Natural Language Processing

about this course

Machines have had some ability to understand and generate text for several decades. More recently, neural approaches have revolutionized the field. The most striking and impressive models are large Transformer-based models trained on large amounts of text.

But if "Attention is All You Need," then maybe we don't need those large language models at all. If "Language Models are Few-Shot Learners," then maybe small language models can learn from a few examples too. Maybe we can develop a small language model that better understands our language if we "pay attention" to the language.

Training a model to examine the links between words in a sequence and directly model those relationships trains the model to understand human language. Super-sizing a model super-sizes the cost. It does not super-size the understanding.

Larger models tend to perform better than smaller models, but performance gains diminish as model size increases.

At large sizes, language models can become superficially fluent without truly understanding human language. Such "Stochastic Parrots" simply repeat long sequences that they learned from the training data. So we need to "pay attention" to those datasets and ask what the model has learned.

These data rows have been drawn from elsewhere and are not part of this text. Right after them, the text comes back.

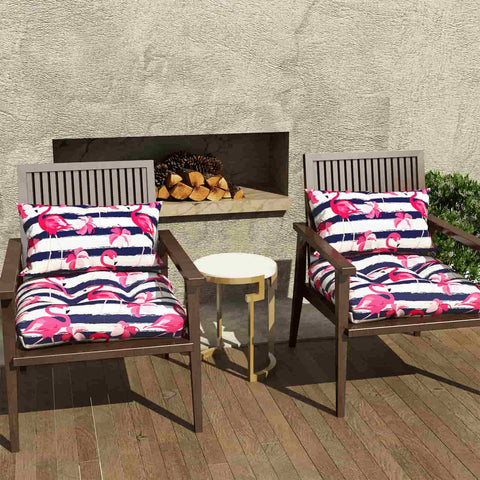 pink flamingo cushions u shape 2 with chairs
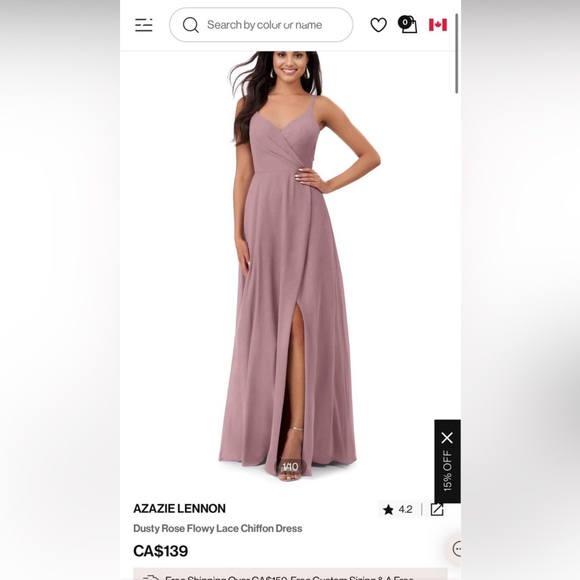 Azazie Lennon Bridesmaid Dress - Picture 1 of 5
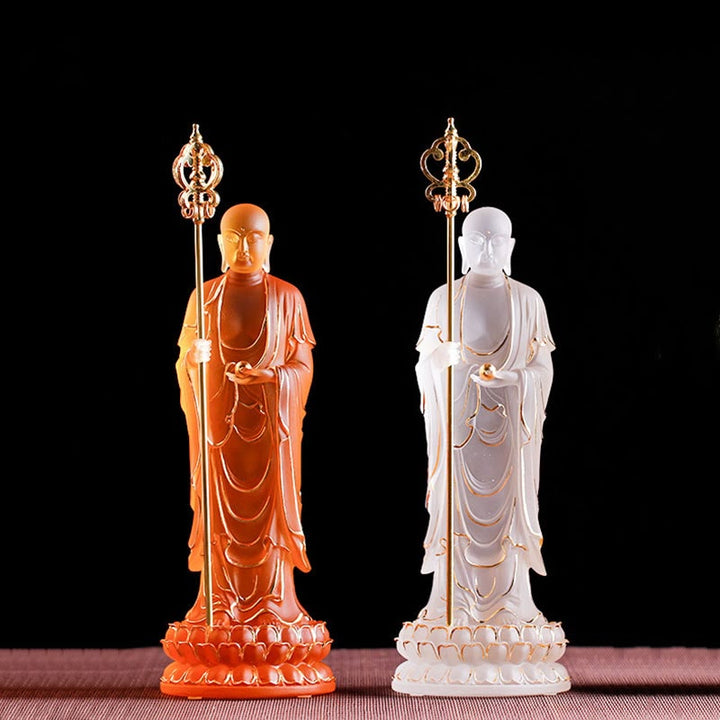 Buddha Stonesハンドメイド 地蔵菩薩像 琉璃クリスタルアートピース 静寂の像 室内装飾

Language models perform better in the domain that they have been trained on. A model trained on Wikipedia will not understand Huckleberry Finn. So we also need to ask if there is good reason to believe that a large language model can be fine-tuned for a given task. Many times there will be a good reason. Sometimes there will not.

And when the language is not English, a large language model that can be fine-tuned for any task might not even exist at all. In those cases, we need to "pay attention" to the language, so that we can train a small language model that understands our (non-English) language.

what you will learn

This course will compare the performance of RNNs, Transformers, BERT and GPT to previous approaches. And it will pay particular attention to how those performance gains were achieved. Did the researchers develop a better model? Or did they train a larger model?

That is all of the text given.